The U.S. Olympic Committee is digitizing health records this month for the athletes who will be competing in London, as well as for about 3,000 other athletes who have been seen by USOC doctors in recent years. Some say this step is a sign that electronic medical records have made it to the big time. 

According to Bill Moreau, managing director of sports medicine, the USOC decided to transition from paper once it saw that electronic records had the agility to deal with the unique needs of Olympic athletes.

“Our patient population is probably — next to the military — the most mobile population of any group in the world,” Moreau said. “Our athletes are on different continents in the same week.” An Olympian might be practicing in the U.S. one day and competing in Europe or South America the next.

And even when they are at home, tracking athletes’ health as they train is no easy task. “They’re seen at different clinics that are geographically dispersed across the United States, from Lake Placid in upstate New York, to Colorado Springs, to Chula Vista, which is in San Diego,” Moreau added.

Transporting the reams of information has become a particular burden for the USOC. Previously, the committee had to gather and ship its records to each Olympic host city and didn’t have access to athletes’ health information for days at a time.

The paper-records approach also created challenges for care coordination. The average Olympian has eight different clinicians involved in care, according to Moreau, and about half of the athletes aren’t in constant contact with the USOC and its health care providers. 

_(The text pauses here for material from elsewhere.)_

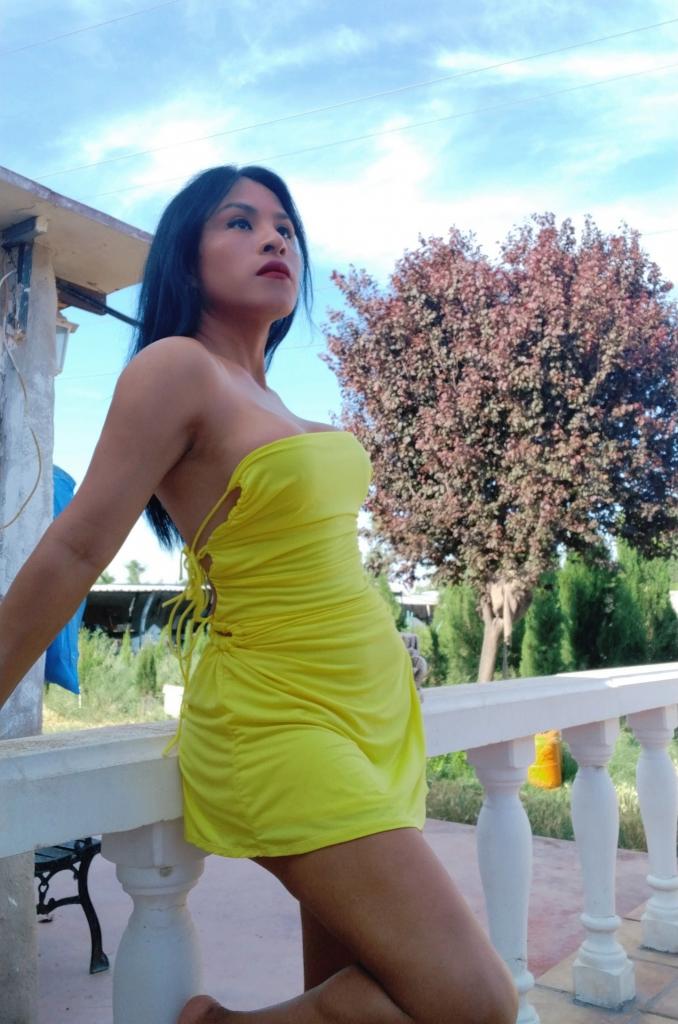 Travesti en Zaragoza:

Meanwhile, some athletes, including swimmers, still are in the midst of qualifying events. Once those are completed, and team members are selected, the USOC will have to quickly gather health information from both athletes it expected to travel to London, and others who were surprises. An electronic system should make that process faster.

According to Jim Corrigan, vice president and general manager of GE Healthcare IT — which created the committee’s system – members of Team USA will have their paper records digitally scanned or added manually to the collection. GE’s program, called Centricity Practice Solution, is already used by more than 40,000 providers in the U.S., but it will be customized to better meet the challenges presented by athletes. 

The new system will give USOC medical providers a better overall sense of athletes’ readiness for competition, Moreau said. Records will include more thorough monitoring of blood hemoglobin, which is important for performance, as well as immunizations, for athletes’ frequent travel. The USOC will also have specialized forms for injury reports at the Games, and the system will ask for more details than it would ask the average patient.

“There are many variables we want to track to make sure Team USA is ready to go,” Moreau said.

Electronic records will enable USOC doctors to be much more efficient in emergencies, he added. For example, if women soccer players are injured during the games they’ll play in Scotland, physicians can quickly transmit an X-ray and other information to specialists back in London, or elsewhere. According to Corrigan, providers will also have access to the health records via iPad or other mobile technology.

“For physicians — whether they take care of athletes or our friends or family — having the right info at the right time can be critical,” Corrigan said.